Das Glück der Frevler – 4.09.2016

Ich aber – Gott nah zu sein ist mein Glück.
Ich setze auf Gott, den HErrn, mein Vertrauen.
Ich will all Deine Taten verkünden.
Psalm 73, 28
Einmal waren wir in der Stadt und ich bewunderte die schönen, teuren Autos. Ich sah, wie gut die Leute gekleidet waren und wie teuer die Geschäfte eingerichtet waren. Da dachte ich: Und ich? Mein Auto ist alt. Mein Haus ist alt. So großzügig wohnen können wir nicht … und ich wurde neidisch. Warum ging es den Menschen, die ohne Gott lebten, so gut, und mir nicht? Ich diene Ihm, dem Allmächtigen, und lebe doch recht einfach. Und die Leute, sie lügen und betrügen, sie fressen und saufen, sie genießen jeden Luxus und denken, Gott ist weit, weit weg; – falls es Ihn überhaupt gibt. Da sagte mein Kleiner zu mir: Du, die sehen alle aus, als ob sie nicht glücklich wären. Da erst fiel mir auf, daß die meisten Leute so einen verbitterten Zug um den Mund hatten. Sie lachten eigentlich nie, höchstens aus Schadenfreude. Sie sangen nicht. Sie klagten über Einsamkeit, obwohl sie im Rudel liefen.

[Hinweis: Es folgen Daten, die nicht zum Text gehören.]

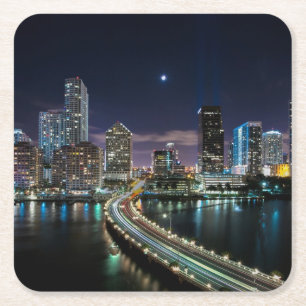 Skyline of Miami city with bridge at night Square Paper Coaster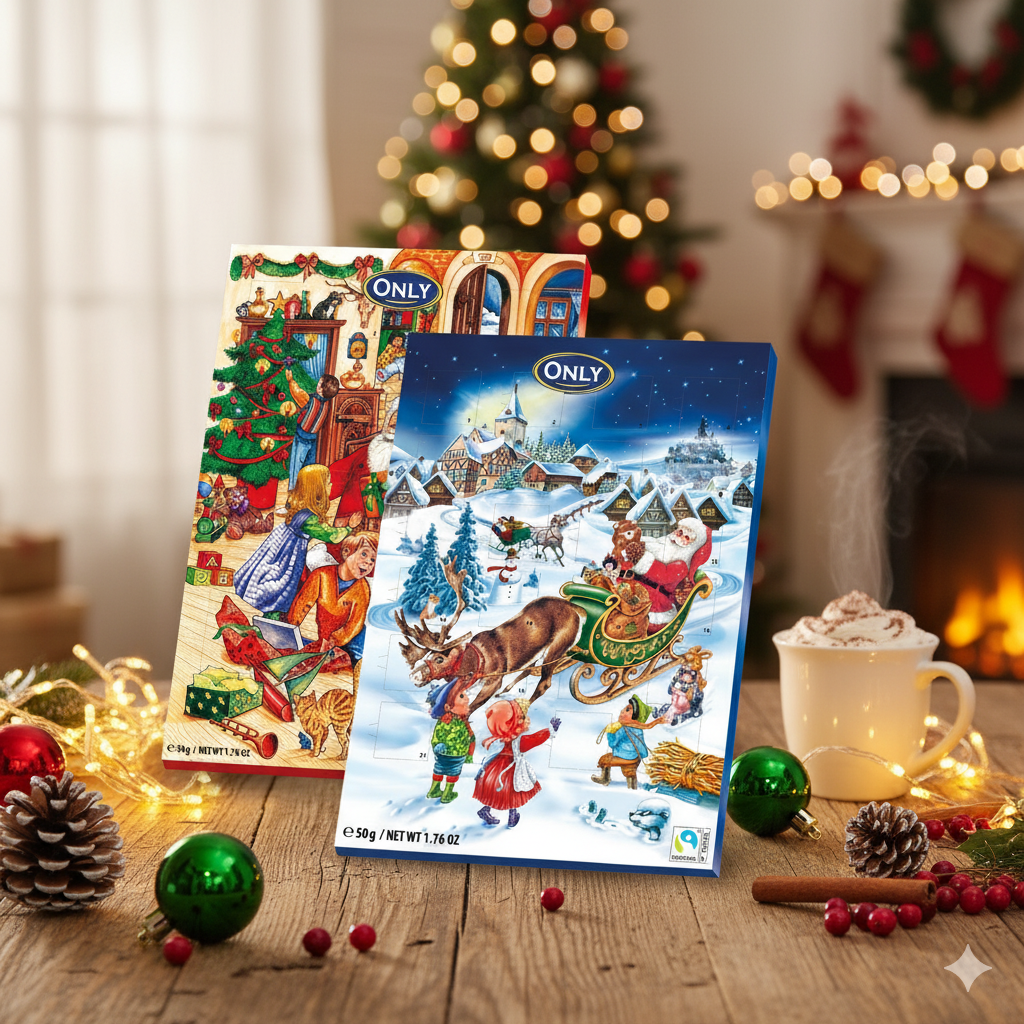 Milchschokolade Adventskalender 50 g mit 24 Türchen | Cremige Schokolade mit mindestens 30 % Kakao für Kinder und Erwachsene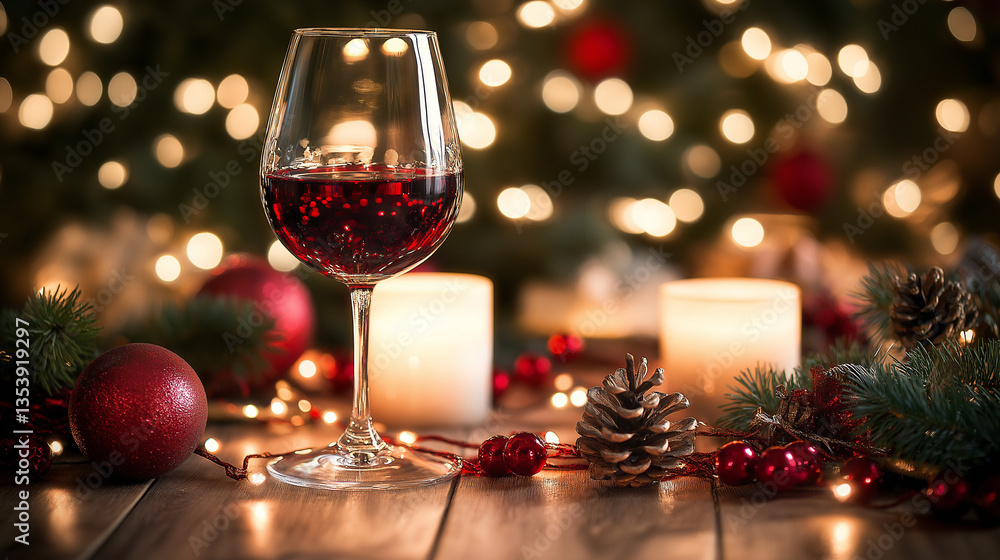 National Wine Day, Red wine glass with candles and festive decorations in the background, creating a cozy ambiance. AI Generated Images National Wine Day, Red wine glass with candles and festive decorations in the background, creating a cozy ambiance. AI Generated Images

Sie weinten nachts, denn sie meinten, keiner hat sie lieb, hat sie gewollt und schätzt sie. Überall gab es Streit um Kleinigkeiten. Sie kämpften ernsthaft, einer mit dem andern. Mein Kleiner hatte recht: Sie sind nicht glücklich. Da ändert auch ein teures Auto oder teurer Schmuck nichts. Sie haben so schöne Gärten und investieren viel Zeit und Mühe, damit es noch schöner aussieht, aber sie können es nicht richtig genießen. Sie sind stolz auf alles mögliche, aber es füllt nicht ihr Herz. O, arme Welt, dachte ich. Selbst wenn sie glücklich aussehen, kann man schon die Wolken am Horizont entdecken, die dem Glück ein Ende machen.
Ich klagte Gott mein Leid. Warum geht es ihnen so gut und mir nicht? Ist das ungerecht? Ich arbeite doch auch!
Als ich nach einiger Zeit ruhiger war, kamen mir andere Gedanken. Diese Menschen, die jetzt so glücklich aussehen, werden einmal sterben. Sie werden alt und gebrechlich, und vielleicht ist keiner da, der sie aufnimmt. Ihr Glück wird jäh enden. Und dann? – Laß sie doch wenigstens hier auf der Erde glücklich sein, nachher wird es schlimm genug. Was soll Ich denn mit Menschen machen, die über mich spotten, für die Ich Luft bin, die mich nur für ihre Angelegenheiten gebrauchen … Sie werden ihren Willen bekommen und ohne mich die Ewigkeit verbringen müssen. Beneidest du sie wirklich?
Und Gott erinnerte mich an all das Gute, das Er mir tat: Wie ER mich getröstet hat, als ich mit dem Leben fertig war. Wie ER mir neue Hoffnung gab, als alles zerbrach. Wie ER eingriff, als der Tod nach mir griff. Wie Er meine Einsamkeit durchbrach und ich nun nie mehr alleine bin. Wie ER meine Angst durch Seine starke Gegenwart besiegte. Wie ER mein Herz in der Stille beruhigt, mir Frieden gibt, der höher als jede Vernunft ist, wie Er mich mit unbegreiflicher Freude füllt.
Ja, ich will bleiben im Hause des HErrn immerdar! ER ist gut zu mir!
Danke, himmlischer Vater, daß ich Dich gefunden habe! Du bist mir mehr wie Gold und Silber. Bei Dir kommt mein Herz zur Ruhe. Du bist sooo gut zu mir!!!!

Bibellese heute: Offenbarung 22, 1 – 5

One Reply to “Das Glück der Frevler – 4.09.2016”

  1. Lieber Frank,
    ich danke Dir aus tiefstem Herzen für Deine tägl. wunderbaren Andachten.
    Möge unser himmlischer Vater Deine Arbeit und die Deiner Mitstreiter im Übermaß segnen!!